Quip: If you have the tech & budget to meaningfully rotate a spinning black hole, then you've got the tech & budget to change the other parameters, too.

FWIW - Wikipedia's answer is that 11 numbers (or 2 scalars and 3 vectors) are needed to fully spec. a stable black hole - https://en.wikipedia.org/wiki/Rotating_black_hole#Types_of_b...

[zaarn]

There is a cheap and even for current humanity achievable way to rotate a black hole; change your frame of reference. That is not only true for angular momentum but linear momentum and position. Those are entirely dependent on the observer and their frame of reference. Spin, magnetic charge and mass are not.

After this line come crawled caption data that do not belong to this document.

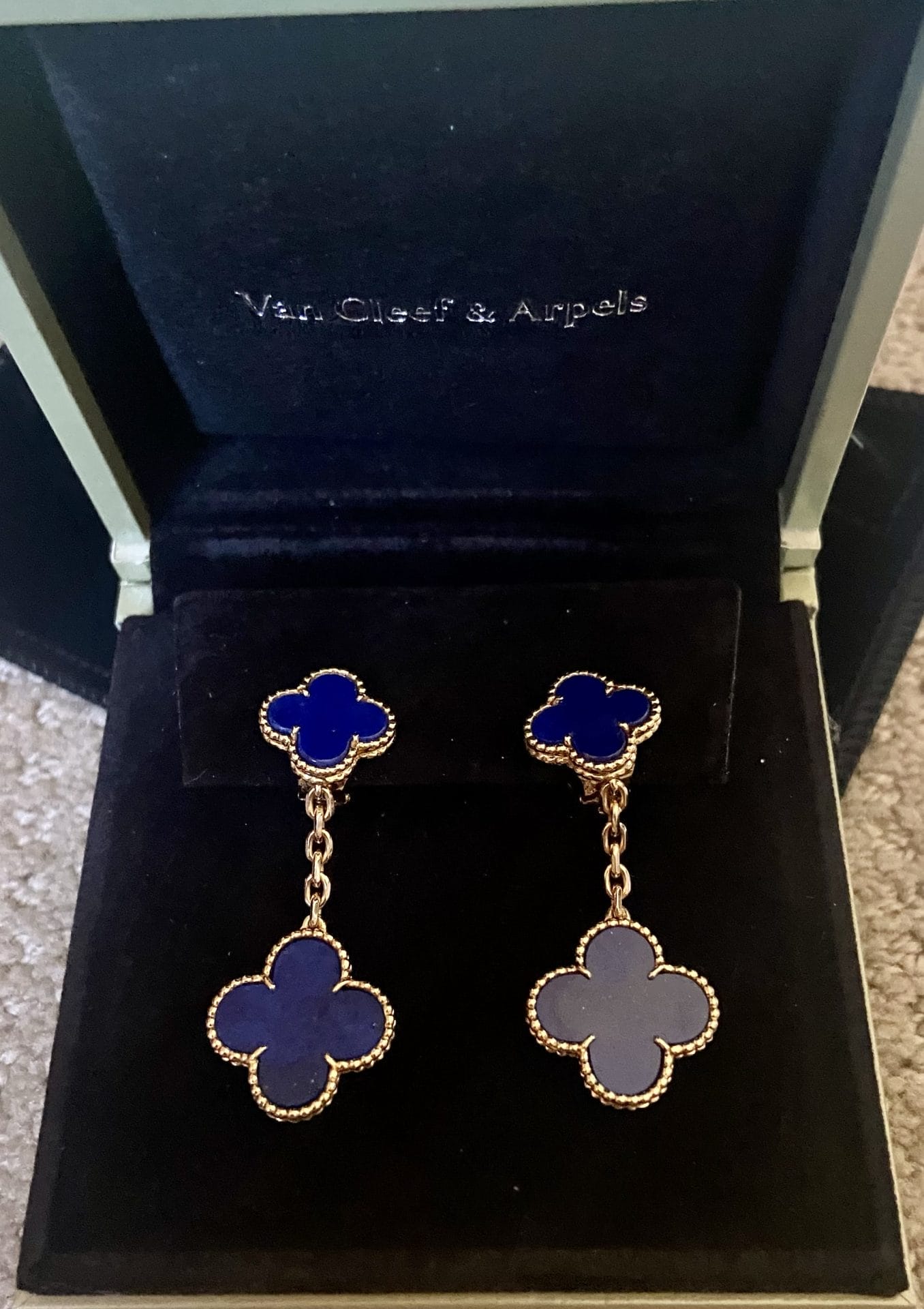 Van Cleef & Arpels Lapis Lazuli Magic Alhambra Earrings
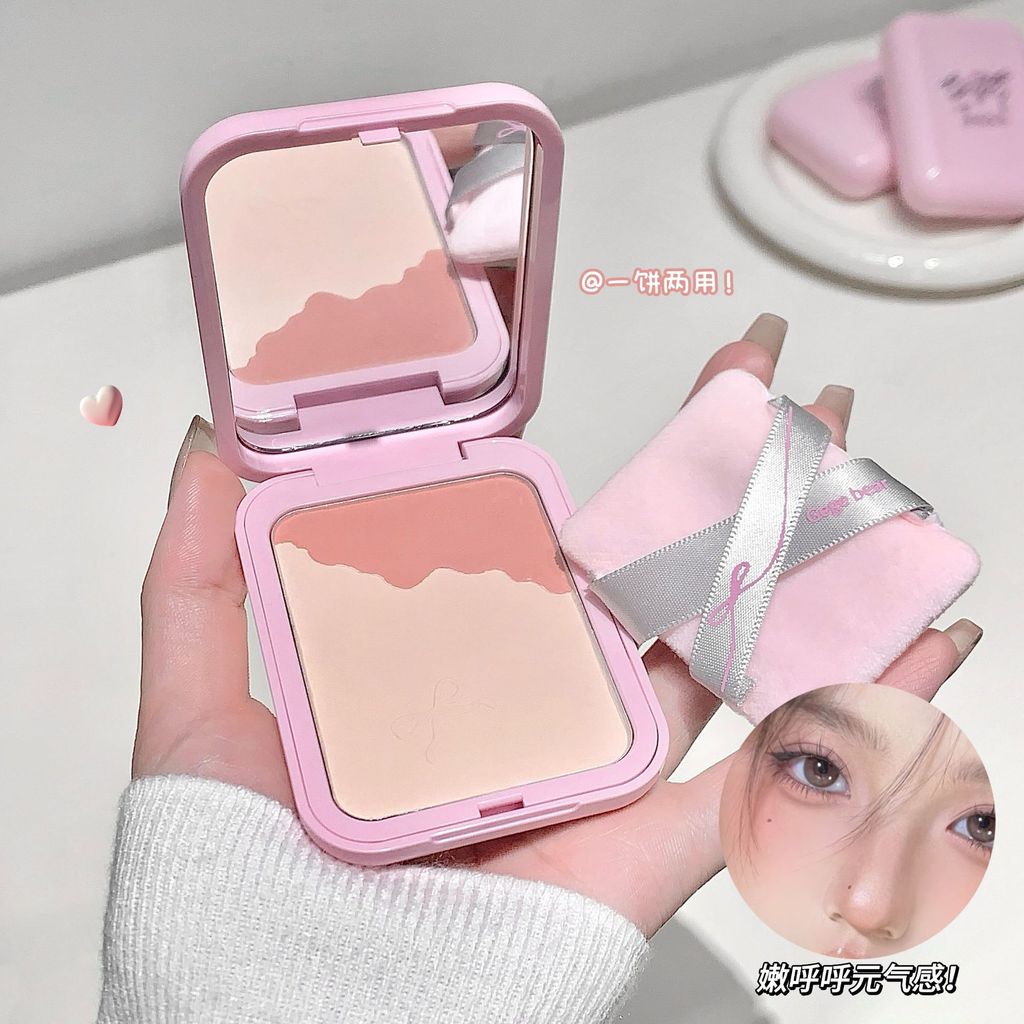 Gege Bear Gege Bear Clear Brightening Blush Pressed Powder Clear Soft Focus Fixing Makeup Base Hold 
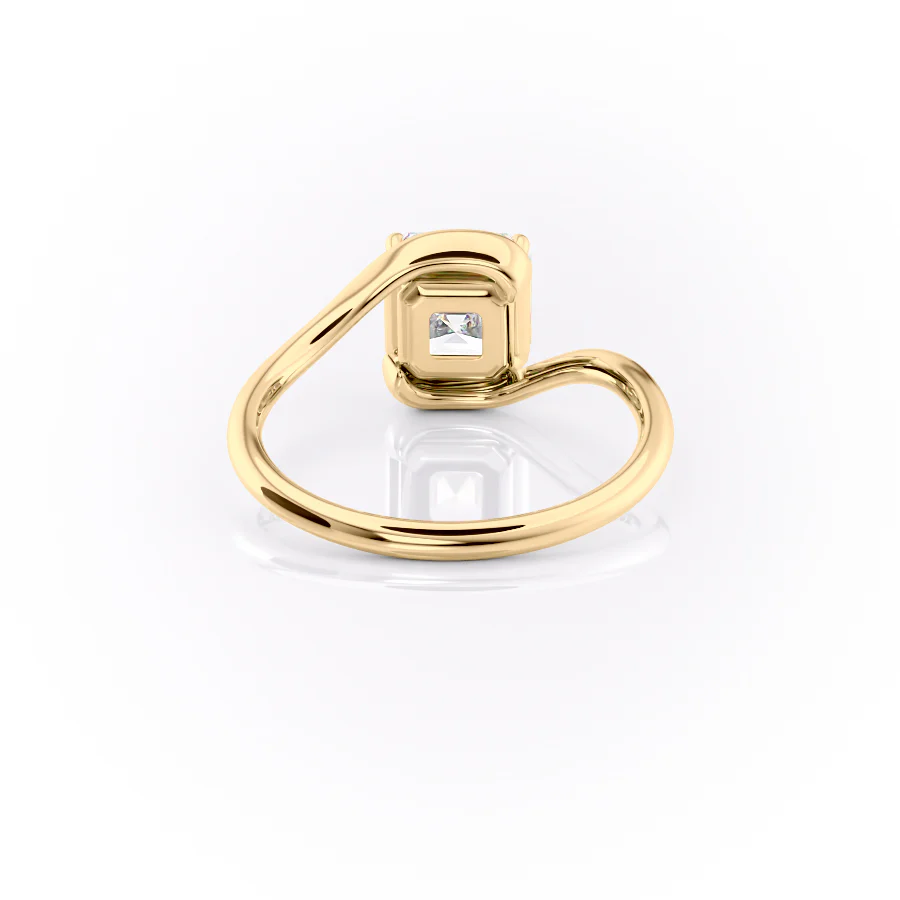 1.50 CT Asscher Cut Infinity Moissanite Diamond Engagement Ring
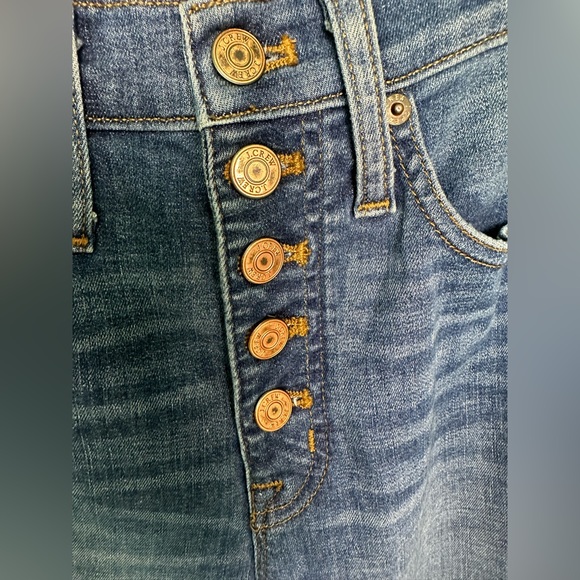 Women’s J Crew Skinny 10” Toothpick Jeans Size - Picture 4 of 9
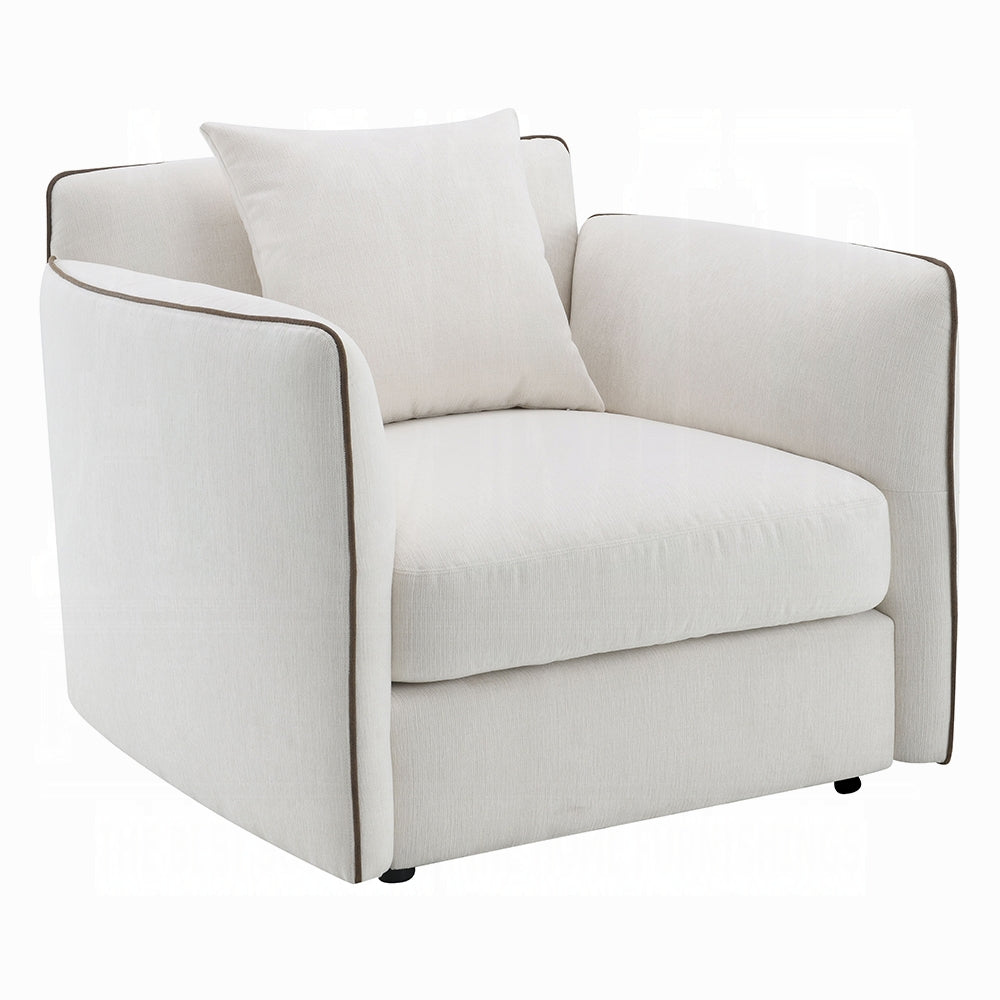 Yolanda Beige Chenille Chair LV03607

Two black holes who differ only by their position, linear and/or angular momentum but are equal in all other parameters are not distinguishable from simply seeing the same black hole twice from a different perspective.

Two black holes who differ in any of the three properties of mass, spin or magnetic charge are distinguishable by those properties (but even that is arguable to some extend).

edit: The rent prices of a planet don't matter since frame of reference is an actual term here, there is no frame of reference more valid than any other for determining the linear or angular velocity or the position of a black hole.

[raattgift]

The quantity a = cJ/GM^2, the spin parameter of the Kerr metric, is not observer-dependent. No observer (or system of coordinates) can turn an axisymmetric system into a spherically symmetric one.

Also,

> Two black holes who differ only by their ... angular momentum ... are not distinguishable

is contradicted by

> Two black holes who differ in ... spin ... are distinguishable

(Spin) Angular momentum is J in my first line above.

[zaarn]

Spin and Angular momentum are two very different things. Angular momentum measures the velocity of a black hole in, eg, an orbit. Spin measures the rotation of a black hole against it's rest frame.

These are independent quantities.

[raattgift]

In a Kerr black hole spacetime there is no orbital angular momentum (OAM, L), only the intrinsic spin angular momentum (SAM, S). One can get OAM in a relativistic n-body black hole problem. Each of those black holes will have its own SAM.

See §5.11. ANGULAR MOMENTUM in Misner, Thorne & Wheeler (MTW) and in particular Box 5.6 D (Intrinsic Angular Momentum) and E (Decomposition of Angular Momentum into Intrinsic and Orbital Parts). The latter gives J = L + S. Admittedly, in MTW §33 the authors prefer to use S (e.g. eqn. 33.4) but that raises the important caveat for binary black hole (BBH) mergers at the end of Box 33.4 (I)(A)(4), which refers back to Box 5.6). Newer textbooks and other sources (including Wikipedia [1]) prefer J, although commonly it gets called spin angular momentum (as in [1] and my earlier comment). Carroll's textbook calls it the Komar angular momentum (near eqn. 6.73, referring to eqn. 6.48) and "spin (angular momentum)" (above eqn. 6.47). This is the sort of thing that annoys mathematicians and non-relativist physicists about relativists; confusion is completely understandable.

A binary black hole (BBH) is not a Kerr solution. No exact analytical solutions to the Einstein Field Equations for a BBH have been found, only approximations and numerical solutions (see the comprehensive review by Baker et al. at <https://arxiv.org/abs/1010.5260> and \vec{L} therein, notably at section D(2) in the second column on PDF p. 26, "In a related phenomenon, the direction of the total angular momentum (\vec{L} + \vec{S}_1 + \vec{S}_2) may change.").

No change of coordinates can turn a BBH into a Kerr solution; the former radiates gravitational waves (if there is no incoming gravitational radiation), the latter doesn't.

(Another way of distinguishing is in the algebraic symmetries of the Weyl curvature tensor. Kerr is a Petrov type D spacetime, BBH spacetimes are generically type I up to some degeneracy measure.)

Finally, I can tie this in to neutron stars: the (exterior) Hartle-Thorne metric is an approximation of the Kerr metric useful for relativistic stars without horizons (neutron stars, white dwarfs) and without regard to interior differentiation. Its usual write-down uses J, but sometimes S, and sometimes both (e.g. <https://arxiv.org/abs/1507.04264>, where at the top of p. 2 the authors give J = GS/c^3).

[1] <https://en.wikipedia.org/wiki/Kerr_metric#Overview>, "J represents its spin angular momentum" and see eqn (6) further down, "a = J/Mc".

[zaarn]

You're still referring to two distinct properties with Angular Moment being one and Spin being the other. Because a black hole can in fact orbit things and that would give it angular momentum. The spin value is merely how fast it rotates around an axis (which you can define but that's just an observational data point) and is unrelated to the external movement in spacetime.